Designing for audience behavior… — Regardless of how we present our stories to our audiences — online, on-air, or in print — do we truly take them into consideration?
Journalists operate in an increasingly digital world and operate from that world view. I worry about our relying so much on the digital delivery of news we forget there are other ways to do so. As a result, I don’t know if people actually consider the topic of a story as they’re thinking through how and where they’ll present it to their community.
We focus on gathering facts to publish a long-form written account. This means photos, audio, and other “interactive” solutions get relegated to a list of “nice to have.”
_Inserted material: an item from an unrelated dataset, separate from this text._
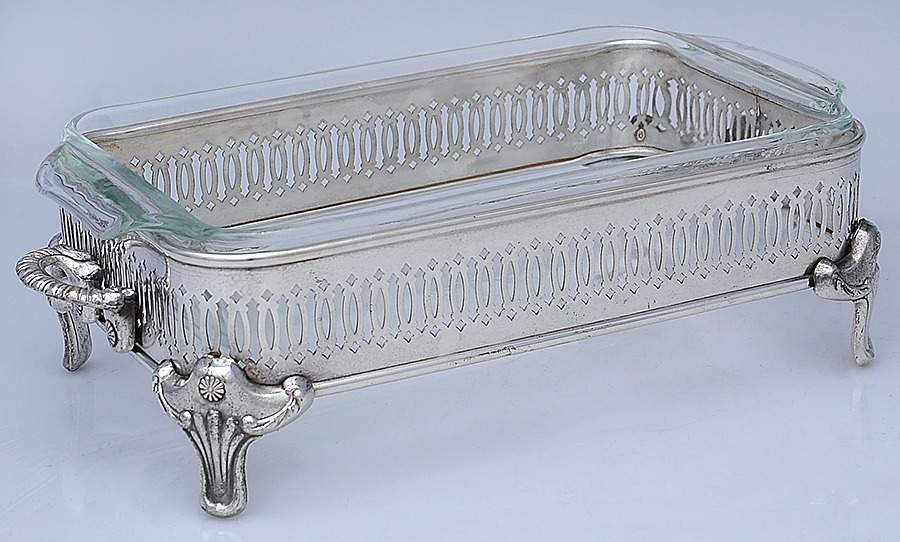 Silverplate Hollowware Loaf Holder with Pyrex Liner by Unknown Manufacturer-1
Ask your online community how to increase engagement and visibility and they’ll focus on online answers. You’ll end up stratifying the community you’ve already built. Increased exposure may come, but slowly.
The work produced by South Side Weekly and City Bureau recently highlighted by Nieman Lab suggests non-traditional methods of delivery still work. They’re allowing for and encouraging “old-school audience behavior.” Text messages and live events are still useful, ways of connecting with the community. They shouldn’t be discarded completely from the toolbox.
Online, a first-person perspective of what a new bus route may look like from onboard may be more powerful than simply showing a before and after map. Organizations could consider using both sides of a postcard to highlight essential information about a long-form story instead of relying solely on social media to push the finished product.
Designing for the audience involves thinking through how and when they want to access the firehose of information. We work in a digital world now, enabling us to change headlines and ledes as needed. Spending a lot of time in coffee houses, community centers, and parks reminds me some may never choose to cross any bridge we create to the digital. Opportunities still exist to consider how we create a bridge to the digital.
A good friend of mine often talks about journalism “pushing someone to believe a point” rather than “pulling them into wanting to learn more.” It may be a result of an era where entertaining while informing provides access to the purse strings. It’s not a new development in the profession. The Hutchins Commission recommendations in 1947 could have pushed us in a much more reciprocal direction earlier had we let them. The published results were even referenced in the Knight Commission on Information Needs’s report in 2009. Part of our social responsibility as a profession involves determining how and if we’re using all the tools at our disposal.
If we truly want to design for the audiences we seek, we need to remember they may not be where we think they are.